As the answer, give exactly the lines of the records below from the one with "Discovery BASTION DD" through the one with "Костюм хлопковый женский", ends included and pictures left out.

:: Provided records ::
↓↓↓

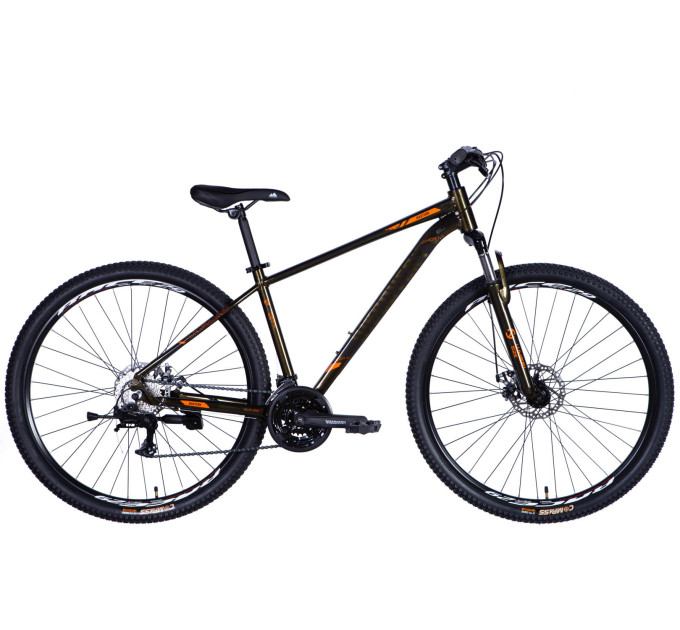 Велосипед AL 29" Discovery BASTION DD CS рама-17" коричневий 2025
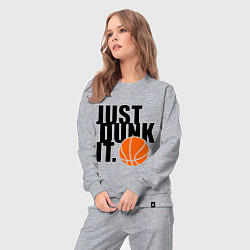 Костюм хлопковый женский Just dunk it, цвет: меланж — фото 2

↑↑↑
↓↓↓

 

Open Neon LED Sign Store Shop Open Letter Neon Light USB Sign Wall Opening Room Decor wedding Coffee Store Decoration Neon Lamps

↑↑↑
↓↓↓

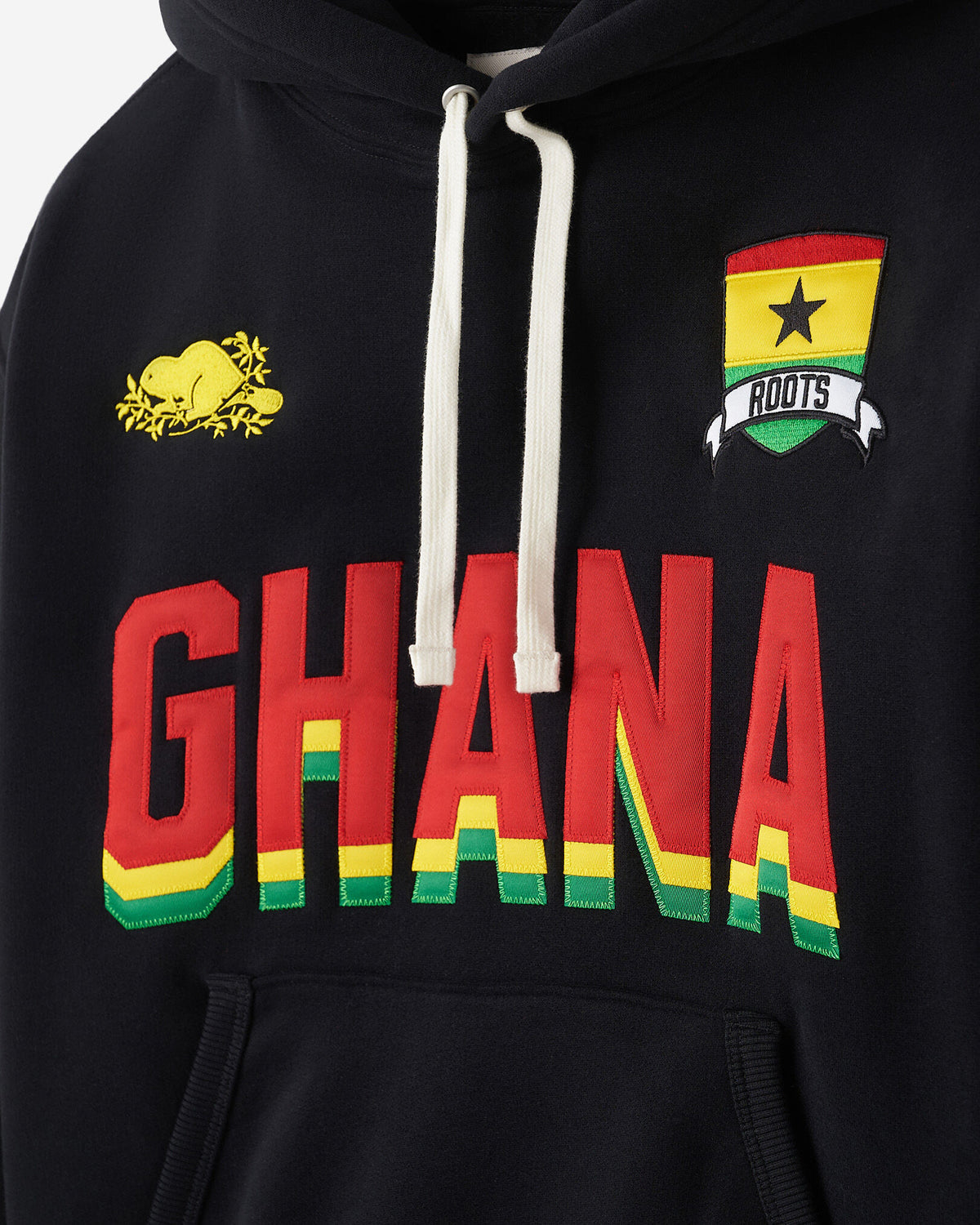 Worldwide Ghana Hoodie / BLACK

↑↑↑

:: Solution to this task ::
 Велосипед AL 29" Discovery BASTION DD CS рама-17" коричневий 2025
 Костюм хлопковый женский Just dunk it, цвет: меланж — фото 2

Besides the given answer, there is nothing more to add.